In his Corinthian Epistle, Paul makes a bold statement: "Be ye followers of me" (I Cor. 4.16). Matthew Henry, commenting on this passage, says: "It is plain that Paul not only preached such doctrine as they ought to be believe, but lived such a life as they ought to imitate." It was Dr. Chalmers who said: "There is more moral persuasion in a good man's life than in the highest efforts of an orator's genius." This leads me to a consideration of the power of influence.
When Paul exhorted the Corinthians, "Be ye steadfast, unmoveable..." (I Cor. 15.58), he surely had in mind that quality of life that often creates in others a desire to emulate the CONDUCT of the person whose actions are governed by high principles. Is it not true that a disposition to imitate is observable in the human race? The boy, seeing his father chopping wood, must have an axe and a saw. This desire is in the very heart of man, for God has put it there, and it is this desire which, when actuated by the Holy Spirit, leads on to higher heights and deeper depths, creating a hunger, such as finds expression in the prayer of the apostle: "Not as though I had already attained, either were already perfect: but I follow after, if that I may apprehend that for which also I am apprehended of Christ Jesus" (Phil. 3.12), or in the words of the hymn writer:
"More about Jesus let me learn,
More of His holy will discern;
Spirit of God, my teacher be,
Showing the things of Christ to me."
I read somewhere that in a certain cemetery a small white stone marked the grave of a young child. On the stone these words were chiseled: "A little child of whom her playmates said, 'It was easier to be good when she was with us'." Such was the conduct of a little girl.
During the revival in Lewis I was led to speak to a company of young converts from the text: "Am I my brother's keeper?" (Gen. 4.9), stressing the point that men judge us, not by what we say, but by what we are and do.

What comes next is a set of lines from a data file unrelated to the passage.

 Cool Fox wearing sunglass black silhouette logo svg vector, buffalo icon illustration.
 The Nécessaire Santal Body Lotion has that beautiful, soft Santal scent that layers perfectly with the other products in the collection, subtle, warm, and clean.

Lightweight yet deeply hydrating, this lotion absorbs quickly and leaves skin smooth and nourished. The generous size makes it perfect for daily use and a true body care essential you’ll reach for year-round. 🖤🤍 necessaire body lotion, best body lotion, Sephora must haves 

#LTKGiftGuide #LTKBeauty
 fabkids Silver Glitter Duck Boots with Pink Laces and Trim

At the close of the meeting an elderly man who had recently found the Saviour, came to me and said very brokenly: "I am a living evidence of the tragedy of a wasted influence. What would I not give to recall the wasted years!" If to be forewarned is to be forearmed, let us heed the warning: "He that soweth to his flesh shall of the flesh reap corruption" (Gal. 6.8).

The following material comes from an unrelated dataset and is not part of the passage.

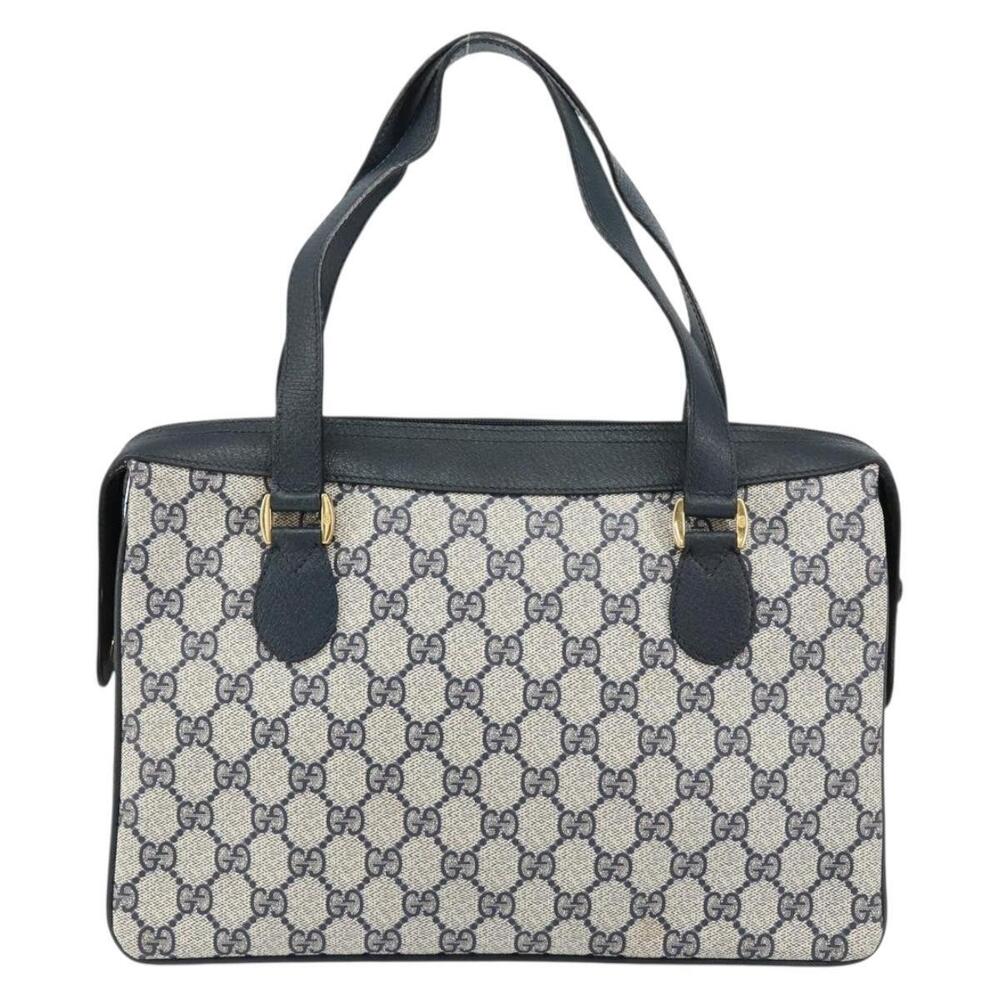 GUCCI GG Supreme Sherry Line Hand Bag PVC Navy Red 41 02 079 Auth 155654 - Picture 2 of 16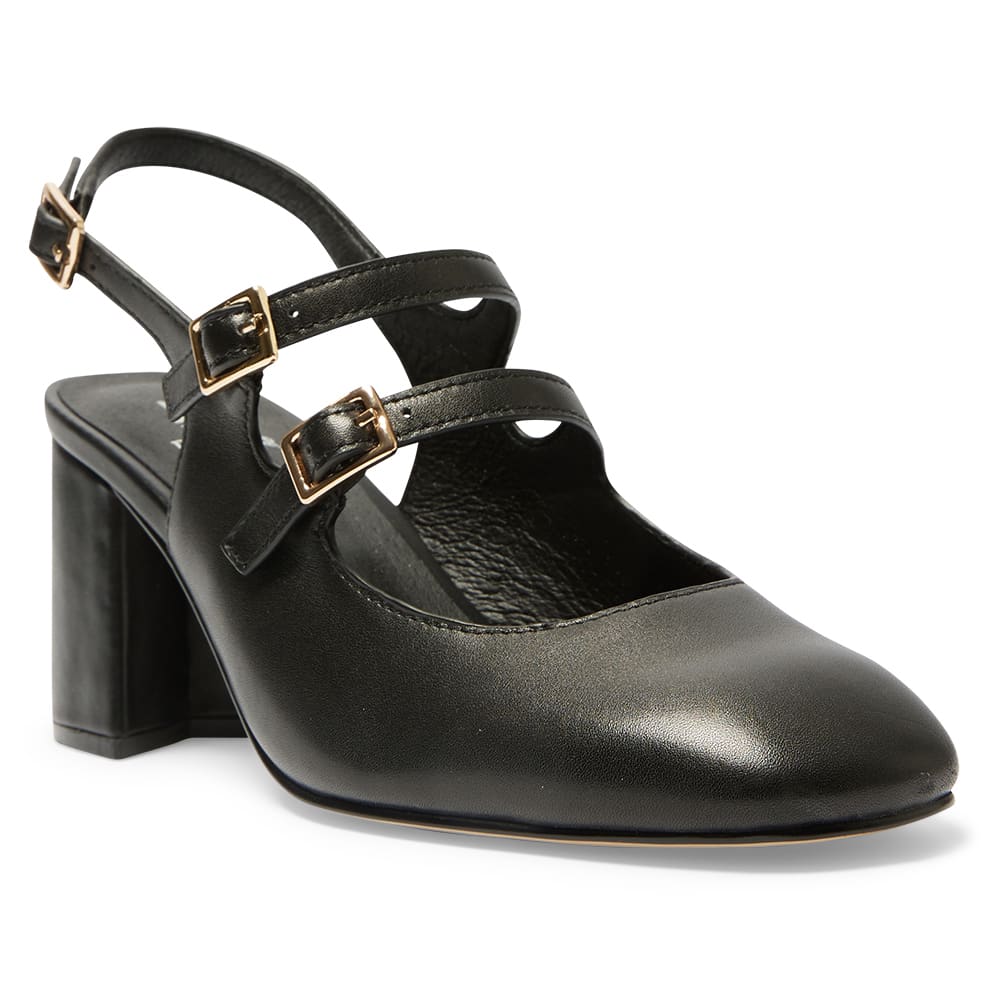 Diana Heel in Black Leather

Our Lord used His teaching as a guide to our CONDUCT, and we would do well to remember that there is no discipleship without the attempt at imitation. "Be ye followers of me, even as I also am of Christ" (I Cor. 11.1) is a Scriptural injunction. What is the worth of a discipleship which, day by day, contradicts Christ's life? It was John Stuart Mill who said, as quoted by Alexander MacLaren: "There was no better rule for life than to do as Christ would have done." Christ's own words to His disciples are clear and emphatic: "Ye call Me Master and Lord: and ye say well; for so I am... For I have given you an example, that ye should do as I have done to you" (John 13.13-15).
So let us bow to His kingly rule, and do those things that are pleasing in His sight.